Rimborsopoli, Pagano assolto Dopo 7 anni «il fatto non sussiste»

PESCARA. Dopo sette lunghi anni, per l'attuale senatore della Repubblica, Nazario Pagano, arriva la definitiva conclusione di una vicenda piuttosto datata, che nel 2014 fece scalpore: una inchiesta...

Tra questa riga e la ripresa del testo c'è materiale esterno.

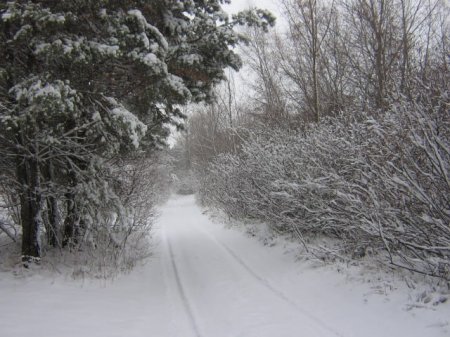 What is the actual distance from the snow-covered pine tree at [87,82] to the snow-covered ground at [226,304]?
1777 mm

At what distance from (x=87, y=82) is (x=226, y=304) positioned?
5.15m

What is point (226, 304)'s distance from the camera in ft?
20.5

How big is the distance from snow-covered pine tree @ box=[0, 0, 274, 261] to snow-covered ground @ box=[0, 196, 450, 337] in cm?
178

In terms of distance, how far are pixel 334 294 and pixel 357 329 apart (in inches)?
48.4

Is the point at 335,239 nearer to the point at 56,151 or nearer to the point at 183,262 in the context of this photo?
the point at 183,262

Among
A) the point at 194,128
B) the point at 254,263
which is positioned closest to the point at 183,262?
the point at 254,263

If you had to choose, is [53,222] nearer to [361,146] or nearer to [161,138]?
[161,138]

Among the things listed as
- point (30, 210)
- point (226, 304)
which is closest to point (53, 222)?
point (30, 210)

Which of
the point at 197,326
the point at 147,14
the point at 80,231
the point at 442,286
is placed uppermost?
the point at 147,14

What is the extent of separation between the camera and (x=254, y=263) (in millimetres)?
8828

PESCARA. Dopo sette lunghi anni, per l'attuale senatore della Repubblica, Nazario Pagano, arriva la definitiva conclusione di una vicenda piuttosto datata, che nel 2014 fece scalpore: una inchiesta per truffa e peculato per presunti indebiti rimborsi per le missioni dei politici, che coinvolse i vertici regionali guidati dall’allora governatore Gianni Chiodi.

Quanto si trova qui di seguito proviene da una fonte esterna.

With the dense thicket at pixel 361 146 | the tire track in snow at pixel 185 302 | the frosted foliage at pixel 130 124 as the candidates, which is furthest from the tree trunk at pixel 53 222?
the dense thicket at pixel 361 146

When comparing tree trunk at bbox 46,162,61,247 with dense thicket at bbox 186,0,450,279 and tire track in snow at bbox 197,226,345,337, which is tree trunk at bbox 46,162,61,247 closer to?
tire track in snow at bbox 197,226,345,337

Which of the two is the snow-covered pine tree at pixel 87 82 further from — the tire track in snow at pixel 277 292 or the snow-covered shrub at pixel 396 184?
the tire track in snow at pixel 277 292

Ieri è arrivata l'ultima delle sentenze di questa vicenda: è il tribunale di Rimini che ha sancito l’assoluzione con formula piena, «perché il fatto non sussiste», per l’allora presidente del consiglio regionale.

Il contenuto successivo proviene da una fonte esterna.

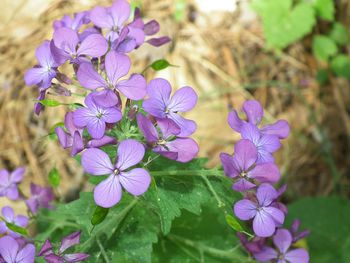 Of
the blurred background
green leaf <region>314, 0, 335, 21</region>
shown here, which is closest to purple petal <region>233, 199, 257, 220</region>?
the blurred background

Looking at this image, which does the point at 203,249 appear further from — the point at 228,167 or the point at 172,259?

«Dopo sette lunghi anni, il tribunale di Rimini», dichiara Pagano, «ha confermato la mia assoluta correttezza e onestà nel ricoprire il ruolo di Presidente del consiglio regionale d'Abruzzo, cancellando le ombre create da un’inchiesta resa nota come “rimborsopoli”, che all'epoca ebbe una esagerata risonanza mediatica».
Pagano, insieme a Chiodi e ad altri 23 indagati, finì nel mirino della procura pescarese per una serie di rimborsi per spese di viaggi istituzionali che sarebbero andate oltre il lecito: sarebbero stati scelti, ad esempio, hotel di lusso quando invece il regolamento avrebbe imposto un massimo di quattro stelle.
«La soddisfazione per l’esito di questa sentenza», aggiunge Pagano, «che rafforza la mia fiducia nella giustizia italiana, non cancella l’amarezza e i danni d’immagine subiti da un processo che sicuramente ha rappresentato una perdita di tempo e di denaro pubblico di gran lunga maggiore delle somme inizialmente contestate».
Si parlò all’epoca di un totale di 15 mila euro di rimborsi non dovuti per Pagano, per viaggi istituzionali importanti, non solo in Italia, ma anche all’estero: missioni a Miami, Caracas, Toronto, Amsterdam, Lussemburgo.
«Con la mia assoluzione», conclude l'attuale senatore, «si conferma la totale infondatezza di accuse infamanti che hanno ingiustamente coinvolto l'intera classe politica regionale della legislatura Chiodi/Pagano. Tutti archiviati o assolti con formula piena».
Quell’enorme procedimento con oltre 25 imputati, venne infatti confezionato dalla procura pescarese, ma poi emersero una serie di eccezioni formulate dai vari difensori, che fecero sì che le posizioni di gran parte dei personaggi coinvolti finissero in archivio, mentre per molte altre si procedette allo spacchettamento del fascicolo. Vennero interessate diverse procure in relazione alla competenza relativa alle spese sostenute in quelle città dagli esponenti politici in missione. E per questo e la posizione di Pagano finì a Rimini. Ogni procura, poi, istruì nuovamente ogni singolo fascicolo di propria competenza e giunse a decisioni diverse. E quegli imputati che finirono sotto processo, vennero poi assolti. Pagano è l’ultimo di una lunga serie.